Ähnlich emotional verspricht auch die Abschiedstournee im Herbst zu werden – mit zwölf Deutschland-Terminen, die in riesigen Mehrzweckhallen, aber auch winzigen Clubs stattfinden, und sich als regelrechte Werkschau verstehen. Eben mehrstündige Konzertabende, mit denen sich die Schotten bei einem Publikum bedanken, von dem sie über die Jahre viel Zuspruch erfahren haben. Wofür Rory eine ganz simple Erklärung hat:

"Die Deutschen sind nette Menschen. Und das meine ich ernst. Wir mögen euch wirklich sehr und haben das Gefühl, dass ihr uns sehr ähnlich seid. Einfach, weil es auch in eurer Kultur eine große Wertschätzung für Musik gibt, die Tiefe besitzt und die man mitsingen kann. Und wir machen ja keinen banalen Pop, sondern investieren viele Gedanken, Gefühle und Persönlichkeit. Darauf reagiert ihr.
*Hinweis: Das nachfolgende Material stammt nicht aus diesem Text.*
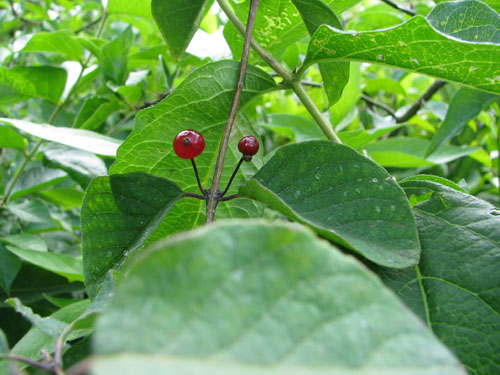 Lonicera ramosissima Lonicera ramosissima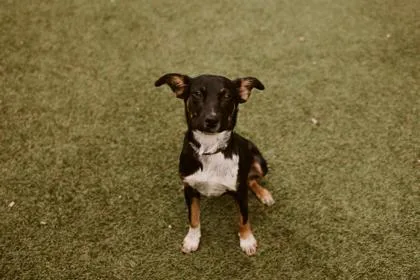 A young medium-sized male Mixed Breed dog named Swoop Fka Edison for adoption in West Chester, PA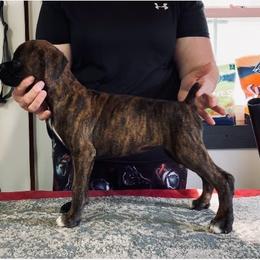 Boxer Puppies from Charron Boxers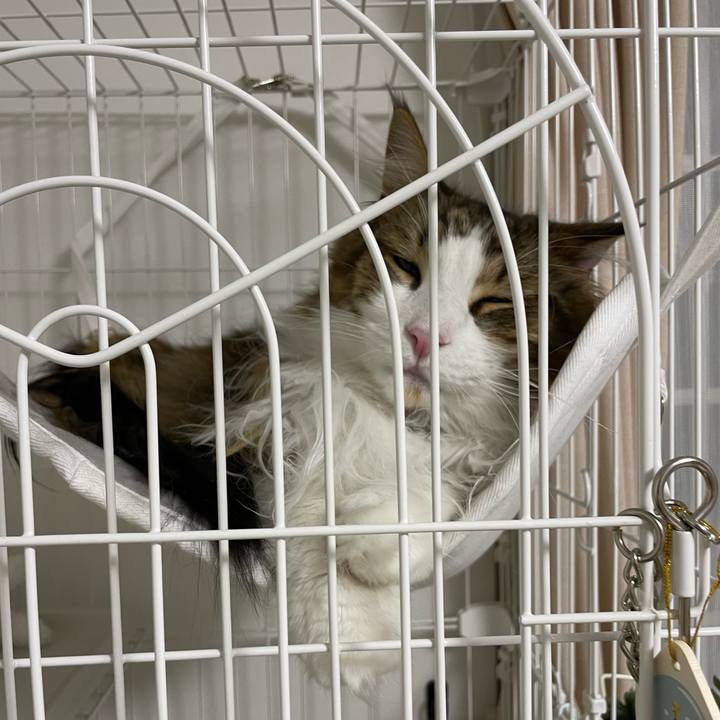 2d4c1007 df70 4b61 b5d4 4fc246f9d1d0 1683632716546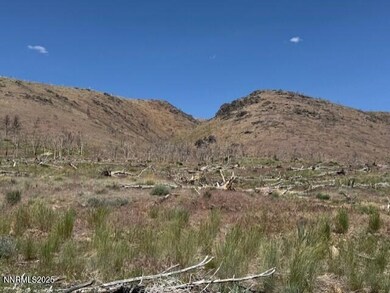 thumbnail_IMG_2936 (1)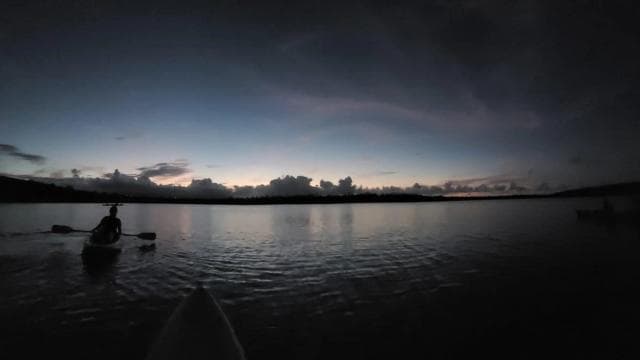 San Juan: Bioluminescent Laguna Grande Bay Night Kayaking - Photo 5 (Gallery view)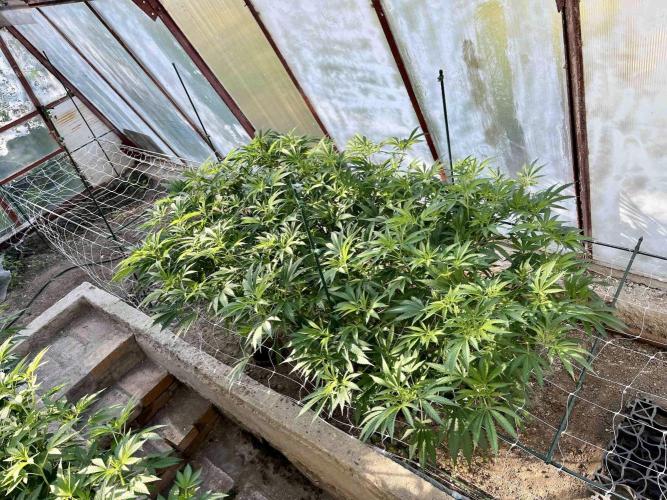greenhouse26. Week 11 - xxx x Grandpa's Cookies #6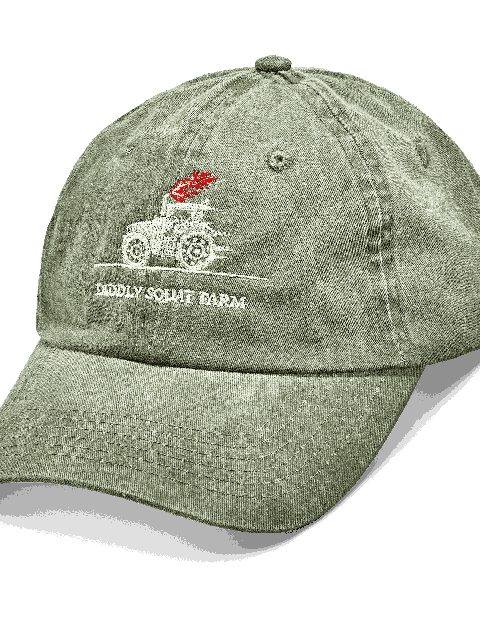 Diddly Squat Farm Green Cap - One Size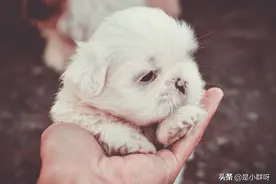 狗是人类最好的朋友，而狗最好的朋友是另一只狗图片
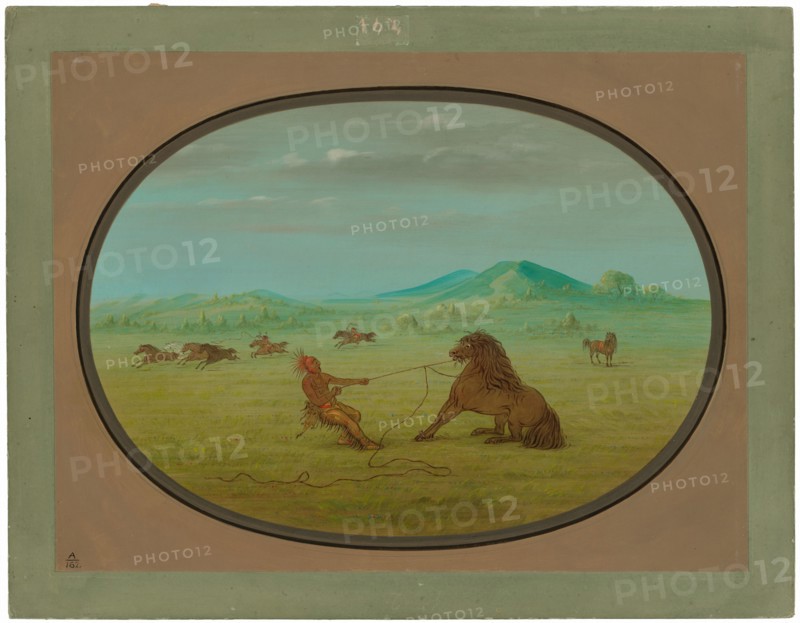 Catching Wild Horses - Pawnee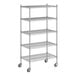 A Regency chrome wire shelving starter kit with 5 shelves.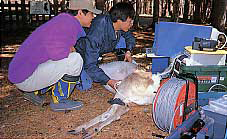 野生動物の保護と管理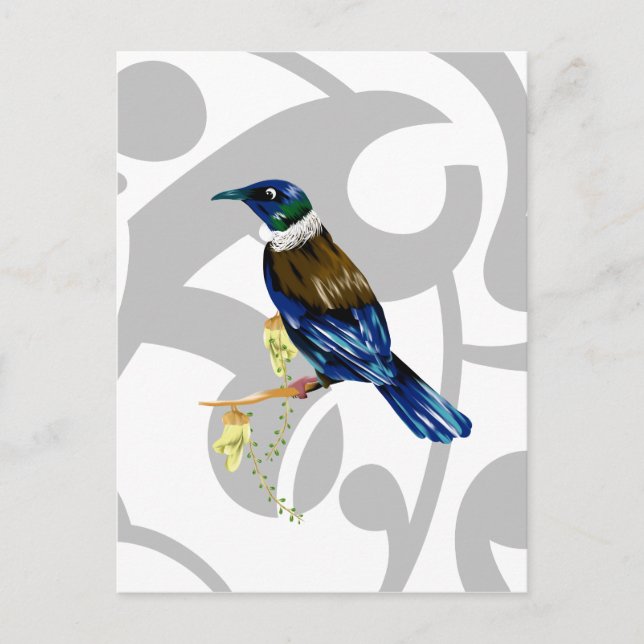 Carte Postale Tui oiseau NZ (Devant)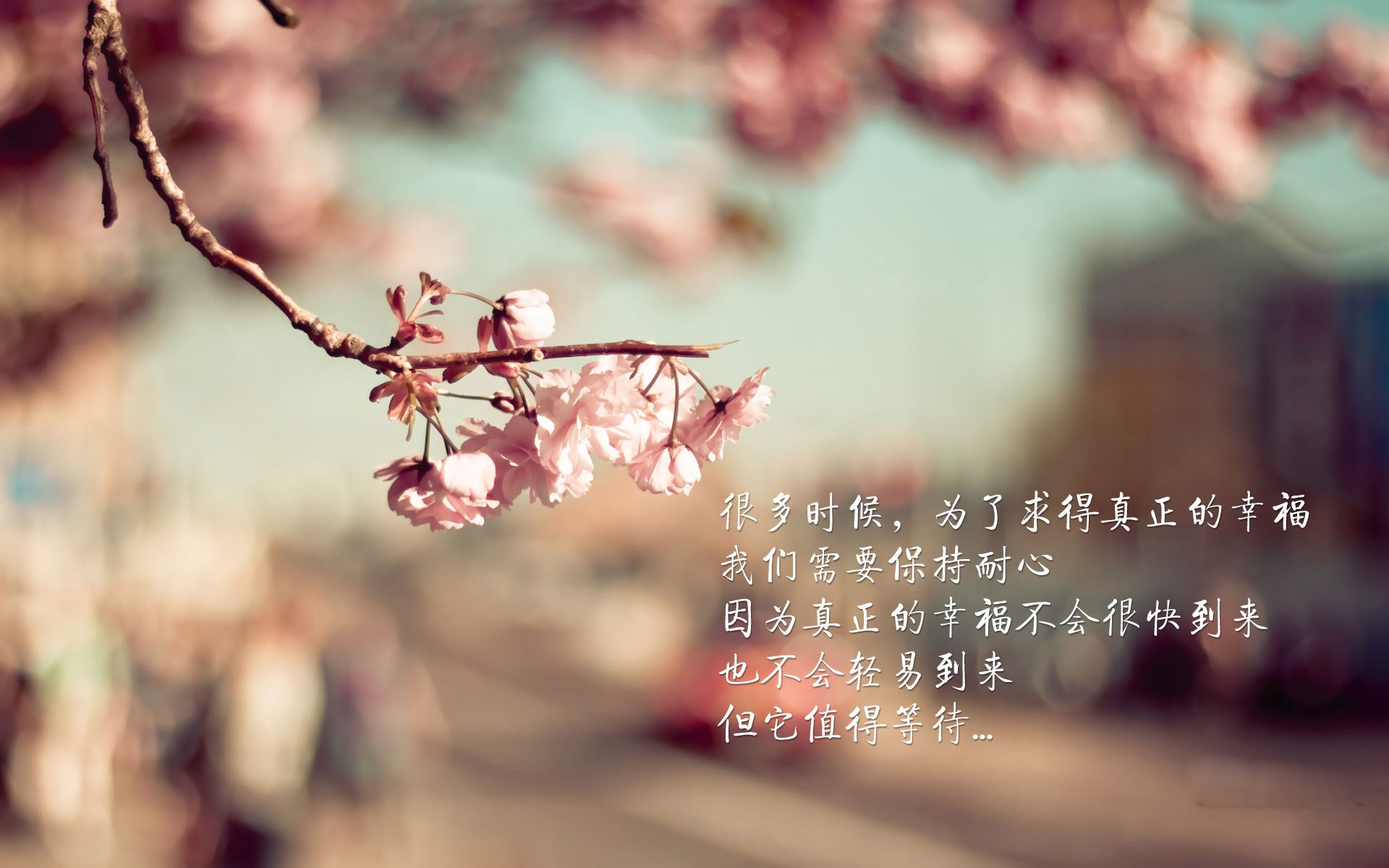 世俱杯2025-久保建英关键先生闪耀,贝蒂斯淘汰赛力克尼斯晋级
Und ihr mögt Schottland."

In Zukunft will sich Rory auf Solo-Projekte konzentrieren und Songs für befreundete Künstler schreiben. Runrig dagegen sollen nur noch vereinzelte Konzerte zu besonderen Anlässen geben. Dass sie noch einmal rückfällig werden, schließt der Bassist aus. Nur: Dass haben ja schon ganz andere gesagt.